So in a matter of minutes, now we have
an artery that is totally blocked,
and all the downstream heart muscle
has been deprived of oxygen and nutrients
and starts to die.
That's the heart attack.
But there is something absolutely
magically exciting about this series,
because if I can convince you
that all you have to do
is change your nutrition,
so your internal biochemistry is such
that you will not injure or thin out
the cap over your plaque,
you will actually diminish your plaque,
and you will strengthen
the cap over the plaque.
Alright, how do we do this?
It's very easy, we avoid the foods
that injure the endothelium.
What are they?
Even pure virgin olive oil,
corn oil, soybean oil,
safflower oil, sunflower oil,
coconut oil, palm oil, dairy.
Anything with a mother
or a face, meat, fish.
(Laughter)
Meat, fish, chicken, and turkey,
and also caffeine in coffee, and fructose.

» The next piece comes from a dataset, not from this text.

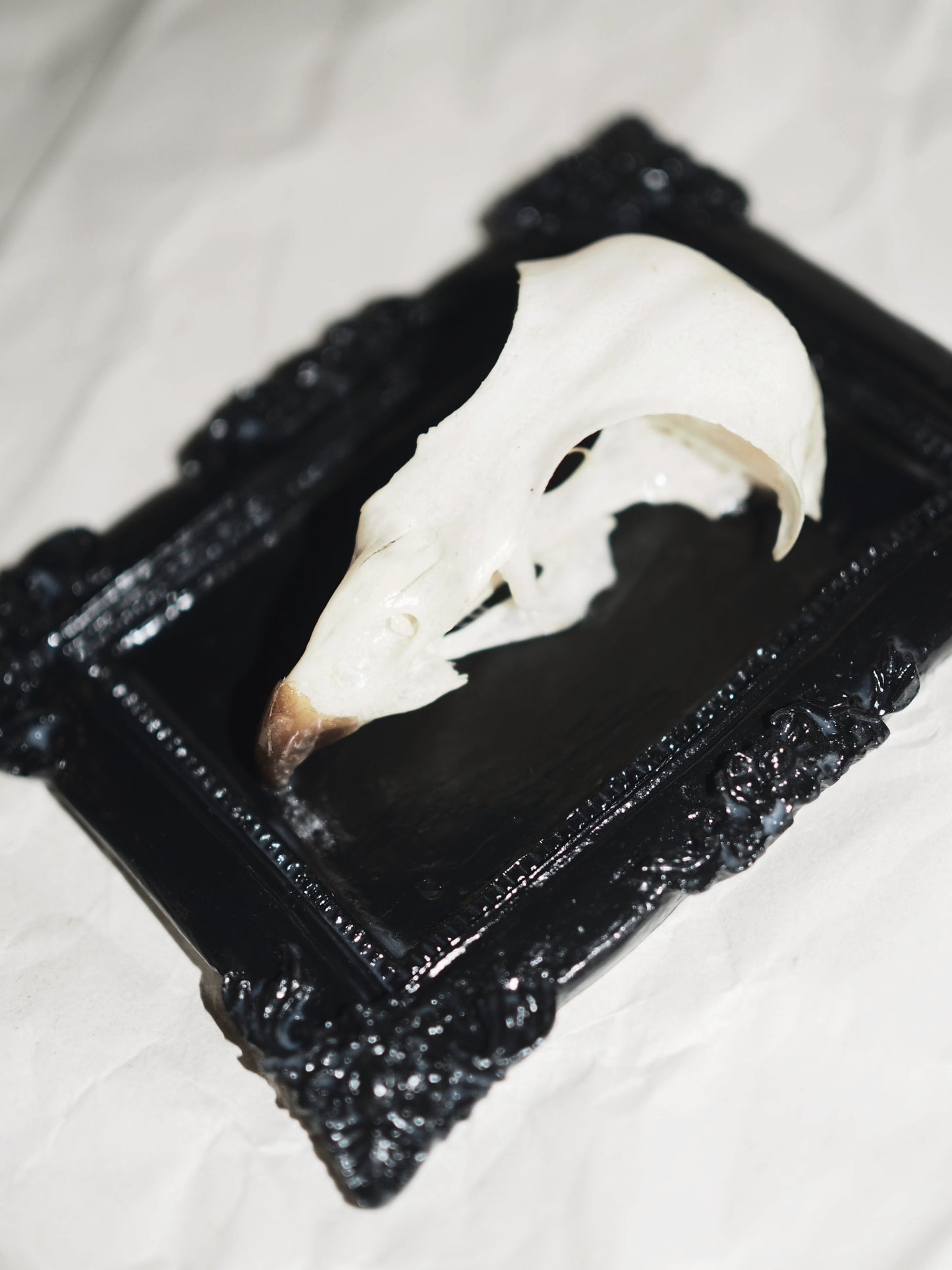 Baroque frame "BIRD"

Alright what are you going to eat?
(Laughter)
All those marvellous whole grains
for your cereal, bread and pasta.
101 different types
of legumes, vegetables,
which are red, yellow,
and green leafy, and fruit.
But especially the green leafy vegetables
are like water on the fire.
What green leafy vegetables?
Bok choy, swiss chard, kale, collards,
collard greens, pink greens,
mustard greens, brussels sprouts,
broccoli, cauliflower, cilantro,
parsley, spinach, and arugula
and I'm out of breath.
(Applause)
But remember, no oil!
(Laughter)
Now conventional cardiology,
with all those procedures
and all that expense,
is high mortality, high morbidity,
and sadly it does not cure the disease,
and the expense is unsustainable.
However, when you're treating causality
with plant-based nutrition,
no mortality with the diet,
no morbidity with the diet.
And what happens with the passage of time,
the benefits just continue to improve.
And lastly nobody has greater fear
of another heart attack
than somebody who's already
had a heart attack.
And how empowering it can be
for them and their family to know
that they themselves can now become
the locust of control
for this disease, destroying it.
Whereas in the past,
it had been trying to destroy them.
And that, lastly,
I want to just share with you,
this isn't just
that original earlier study.
But what we're about to publish
another 200 patients.
And the reason we have
91% compliance
is because we have a very strong intense
single five hour counselling seminar.
That's the same amount of time
the cardiac surgeon has,
but I have the patient when they're awake.
(Laughter)
So how do we do?
If we look at the vertical axis,
what you're seeing here is the average
of about three independent
cohorts cardiology studies
that are quite well known.
And the recurrent cardiac events,
after four years,
run about 20% on average.
Our own, which is called
"Treating The Cause,"
is a half of one %, that means
roughly a 40 fold difference.
So in summary,
it is so exciting what happens
when you treat the causation of disease.
Because it is not only prompt,
it is powerful, and it is persistent.
And for those who, in the future,
are coming down
with cardiovascular disease,
I hope it is going to be unconscionable
not to inform them
of the power of this option
from which they can thrive.
Thank you.
(Applause)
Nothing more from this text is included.